Class FSTLookup


  • @Deprecated
    public class FSTLookup
    extends Lookup
    Deprecated.
    Use FSTCompletionLookup instead.
    Finite state automata based implementation of Lookup query suggestion/ autocomplete interface.

    Implementation details

    The construction step in build(TermFreqIterator) works as follows:

    • A set of input terms (String) and weights (float) is given.
    • The range of weights is determined and then all weights are discretized into a fixed set of values (buckets). Note that this means that minor changes in weights may be lost during automaton construction. In general, this is not a big problem because the "priorities" of completions can be split into a fixed set of classes (even as rough as: very frequent, frequent, baseline, marginal). If you need exact, fine-grained weights, use TSTLookup instead.
    • All terms in the input are preprended with a synthetic pseudo-character being the weight of that term. For example a term abc with a discretized weight equal '1' would become 1abc.
    • The terms are sorted by their raw value of utf16 character values (including the synthetic term in front).
    • A finite state automaton (FST) is constructed from the input. The root node has arcs labeled with all possible weights. We cache all these arcs, highest-weight first.

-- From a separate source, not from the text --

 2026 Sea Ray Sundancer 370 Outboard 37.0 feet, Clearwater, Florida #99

    At runtime, in lookup(CharSequence, boolean, int), the automaton is utilized as follows:

    • For each possible term weight encoded in the automaton (cached arcs from the root above), starting with the highest one, we descend along the path of the input key. If the key is not a prefix of a sequence in the automaton (path ends prematurely), we exit immediately. No completions.
    • Otherwise, we have found an internal automaton node that ends the key. The entire subautomaton (all paths) starting from this node form the key's completions. We start the traversal of this subautomaton. Every time we reach a final state (arc), we add a single suggestion to the list of results (the weight of this suggestion is constant and equal to the root path we started from). The tricky part is that because automaton edges are sorted and we scan depth-first, we can terminate the entire procedure as soon as we collect enough suggestions the user requested.
    • In case the number of suggestions collected in the step above is still insufficient, we proceed to the next (smaller) weight leaving the root node and repeat the same algorithm again.

    Runtime behavior and performance characteristic

    The algorithm described above is optimized for finding suggestions to short prefixes in a top-weights-first order. This is probably the most common use case: it allows presenting suggestions early and sorts them by the global frequency (and then alphabetically).

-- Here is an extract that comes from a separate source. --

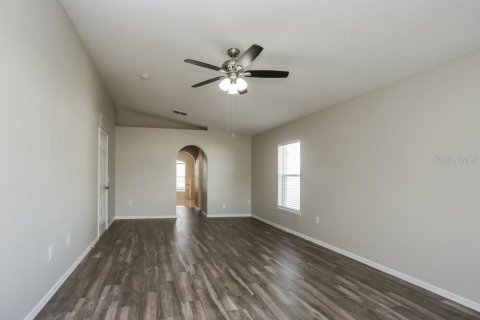 Villa ou maison à louer à Eagle Lake, Floride: 4 chambres, 253.25 m2 № 1914509 - photo 8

    If there is an exact match in the automaton, it is returned first on the results list (even with by-weight sorting).

    Note that the maximum lookup time for any prefix is the time of descending to the subtree, plus traversal of the subtree up to the number of requested suggestions (because they are already presorted by weight on the root level and alphabetically at any node level).

    To order alphabetically only (no ordering by priorities), use identical term weights for all terms. Alphabetical suggestions are returned even if non-constant weights are used, but the algorithm for doing this is suboptimal.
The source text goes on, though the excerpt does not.